Tuning Qwen2.5-VL to Improve Its Web Interaction Skills
A new training pipeline tackles AI's overconfidence and poor localization on web tasks.
A research team from Aalto University and Silo AI has published a paper detailing how they significantly improved the web interaction capabilities of Qwen2.5-VL-32B, a leading open-source vision-language model (VLM). Their work addresses a critical gap: using VLMs as independent agents that can reason and act on a computer screen using only visual input, a key step toward practical AI automation. The researchers identified three core failures in the base model: inaccurate localization of page elements and the cursor, sensitivity to how instructions are phrased, and an "overoptimistic bias" where the AI assumes its actions succeeded without checking the result.
To solve these issues, the team developed a specialized two-stage fine-tuning pipeline focused on a fundamental task: moving a mouse cursor and clicking a described element. The first stage trains the model to accurately determine if the cursor is already over the target. The second stage trains it to execute just one command—a move or a click—and then critically analyze the resulting screen state before planning the next action. This step-by-step, verification-heavy approach directly counters the model's tendency to hallucinate success. Evaluated on a custom benchmark, their tuned model increased task success rates from 86% to 94% in the most challenging setting. The paper has been accepted to the ACM Web Conference 2026.

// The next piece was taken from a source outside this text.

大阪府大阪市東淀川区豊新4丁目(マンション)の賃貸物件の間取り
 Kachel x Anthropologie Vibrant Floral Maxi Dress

- Fine-tuned Qwen2.5-VL-32B model achieves a 94% success rate on single-click web tasks, an 8-point jump from 86%.
- Two-stage training pipeline combats AI's "overoptimistic bias" by forcing verification after each mouse move or click.
- Research tackles core VLM weaknesses for web agency: poor visual localization and instruction sensitivity.
Why It Matters
This work is a concrete step toward reliable AI agents that can automate tedious digital tasks by seeing and acting like a human.